I'm really disappointed in this. The car is really awesome overall, but the paint thing (plus my windshield randomly cracked). is really annoying and disappointing.

Any tips are appreciated. I may have to look into having it painted soon :/. How much should I expect and where should I look?

Fun fact: My project car is a 1968 Dodge. I bought it from a guy who had it sitting under a tree. Besides the areas of the car that were physically scratched the paint job is in better condition than my Altima!
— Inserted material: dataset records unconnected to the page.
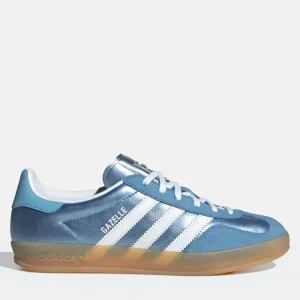 Adidas Gazelle Indoor Azzurro Unisex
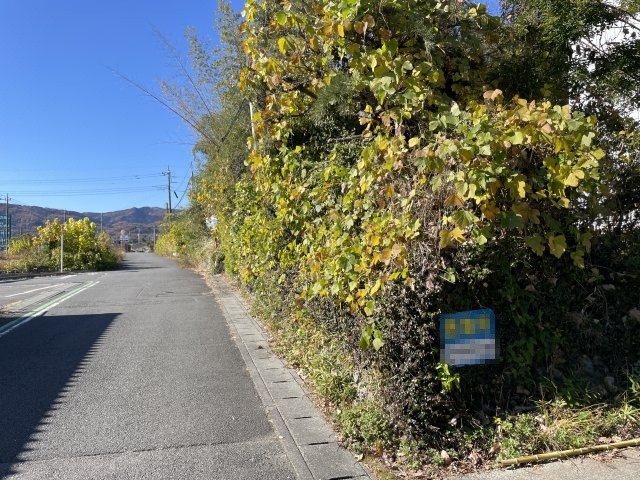 【前面道路含む現地写真】 | 寄居町大字寄居　中古戸建　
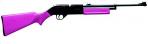 Crosman .177 BB Pump Rifle w/Pink Synthetic Stock - 760P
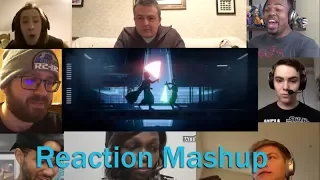 Star Wars Battlefront 2 Launch Trailer   REACTION MASHUP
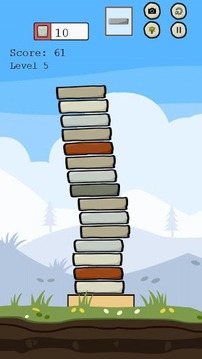 Stack : Stone Pillar游戲截圖1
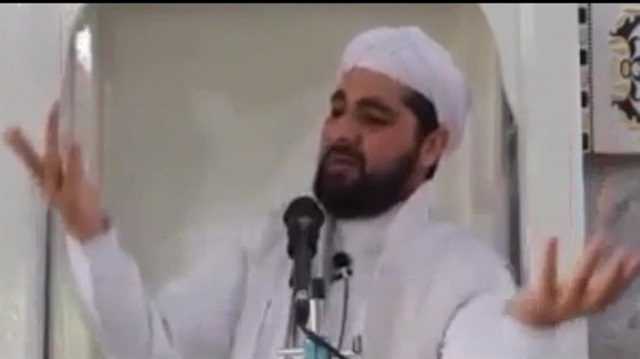 Afgan hoca: Allah'ım Erdoğan'ı muvaffak eyle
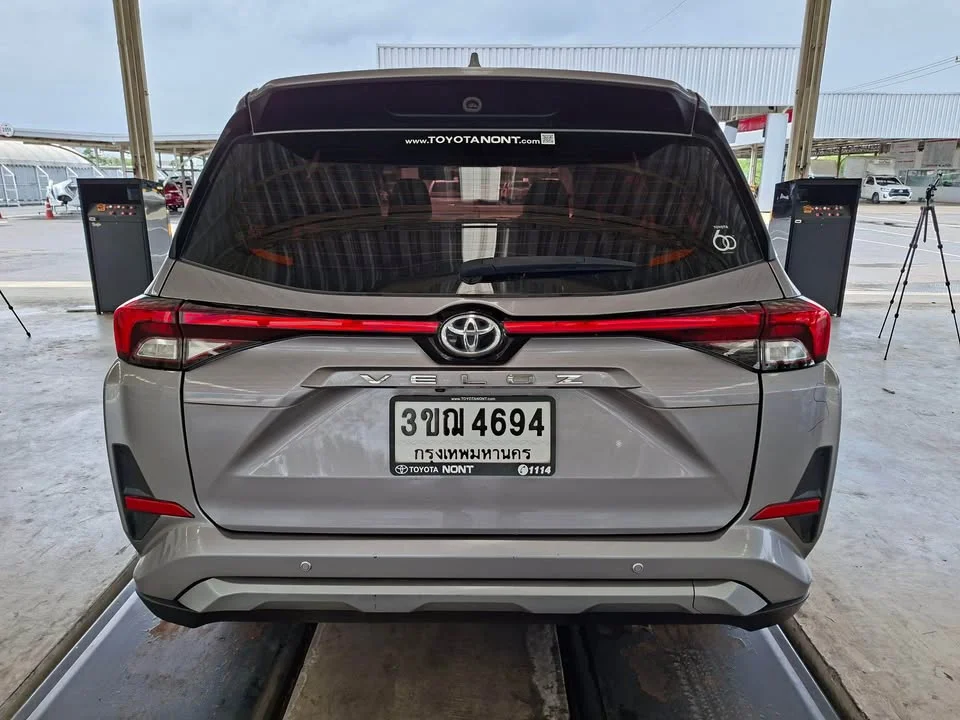 2022 Toyota Veloz III 3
Glass intact.


----------



## dcalleja777 (May 15, 2014)

Hey Revel68, if the paint is fading its just bad luck i have an 05 Smoke SER havent had paint go to shit other then the front with lots of little chips (live in ny roads are shyt)
I have had good luck bringing back a dull finish with nu-finish car polish. 
Post a picture of the paint in question i can help further.


----------



## Breeze2 (Nov 24, 2014)

Hi
I've been with Nissan Dealers for 10 years now.. In 05 and 06 there was two soft paint colors.. KH3 Super Black and BW1 Dark Blue.. both were well known for rock chipping and fading and swirling.. The last thing you want to do is power polish.. I've seen it done many times on these colors and still came out really swirly.
I can recommend this process and it will come back to original..
First buy the paint pen.. it IS a perfect match! 
Touchup the white chips and turn them black.
Second, purchase McQuires Ultimate Polish.. it is a fine polish easy on easy off... do it by hand.. most common retailers with a auto section carry it. $10 - $15
Third, Purchase McQuires paint wax cleaner (step one) this is all you need to keep the shine and over time it will come right back.. use microfiber cloths for putting on and taking off. 
These are not real waxes but paint fixing / strengthening poducts. Use the paint cleaner on your head and tail lights too! They will look better than new!
Hope this helps.


----------